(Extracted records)
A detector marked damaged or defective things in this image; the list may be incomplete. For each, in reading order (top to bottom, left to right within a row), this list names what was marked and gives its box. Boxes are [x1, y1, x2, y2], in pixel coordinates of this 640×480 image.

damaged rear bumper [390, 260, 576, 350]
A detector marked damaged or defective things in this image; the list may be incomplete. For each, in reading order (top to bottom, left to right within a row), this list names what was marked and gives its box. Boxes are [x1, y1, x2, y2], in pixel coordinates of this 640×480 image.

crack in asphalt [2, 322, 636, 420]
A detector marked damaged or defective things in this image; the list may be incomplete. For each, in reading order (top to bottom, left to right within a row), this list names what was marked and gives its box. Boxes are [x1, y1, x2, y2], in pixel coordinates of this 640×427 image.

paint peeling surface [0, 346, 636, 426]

* * *

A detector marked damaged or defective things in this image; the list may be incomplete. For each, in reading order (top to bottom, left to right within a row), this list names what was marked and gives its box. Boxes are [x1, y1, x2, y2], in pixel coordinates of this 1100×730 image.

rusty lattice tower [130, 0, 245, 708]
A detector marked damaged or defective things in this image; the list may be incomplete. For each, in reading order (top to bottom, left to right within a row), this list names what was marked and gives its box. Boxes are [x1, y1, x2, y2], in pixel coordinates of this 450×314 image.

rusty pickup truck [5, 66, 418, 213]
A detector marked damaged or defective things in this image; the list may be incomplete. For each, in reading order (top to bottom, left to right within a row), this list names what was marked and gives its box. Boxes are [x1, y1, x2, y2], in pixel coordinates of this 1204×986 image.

---

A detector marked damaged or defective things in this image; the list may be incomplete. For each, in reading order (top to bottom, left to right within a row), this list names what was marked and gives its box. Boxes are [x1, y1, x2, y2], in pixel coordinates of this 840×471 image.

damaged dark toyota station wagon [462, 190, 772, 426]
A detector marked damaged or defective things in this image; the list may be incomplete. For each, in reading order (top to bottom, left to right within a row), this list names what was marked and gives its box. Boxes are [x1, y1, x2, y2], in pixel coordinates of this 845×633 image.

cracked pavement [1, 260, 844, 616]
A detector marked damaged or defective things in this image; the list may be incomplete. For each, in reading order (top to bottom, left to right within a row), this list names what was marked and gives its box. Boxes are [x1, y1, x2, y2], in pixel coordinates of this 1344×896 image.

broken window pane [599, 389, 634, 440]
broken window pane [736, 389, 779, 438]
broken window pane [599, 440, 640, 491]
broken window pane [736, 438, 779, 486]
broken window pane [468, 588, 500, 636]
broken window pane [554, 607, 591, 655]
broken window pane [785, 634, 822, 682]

• _Required action_
In the entries above, find the line holding "this 1100×730 image." and the line holding "this 1204×986 image.", then retype exactly those two lines and every line between them, and nothing else.

• _Output for this task_
A detector marked damaged or defective things in this image; the list may be incomplete. For each, in reading order (top to bottom, left to right within a row), this list names what was marked and gives its box. Boxes are [x1, y1, x2, y2], in pixel coordinates of this 1100×730 image.

rusty lattice tower [130, 0, 245, 708]
A detector marked damaged or defective things in this image; the list may be incomplete. For each, in reading order (top to bottom, left to right within a row), this list names what was marked and gives its box. Boxes are [x1, y1, x2, y2], in pixel coordinates of this 450×314 image.

rusty pickup truck [5, 66, 418, 213]
A detector marked damaged or defective things in this image; the list may be incomplete. For each, in reading order (top to bottom, left to right within a row), this list names what was marked and gives its box. Boxes are [x1, y1, x2, y2], in pixel coordinates of this 1204×986 image.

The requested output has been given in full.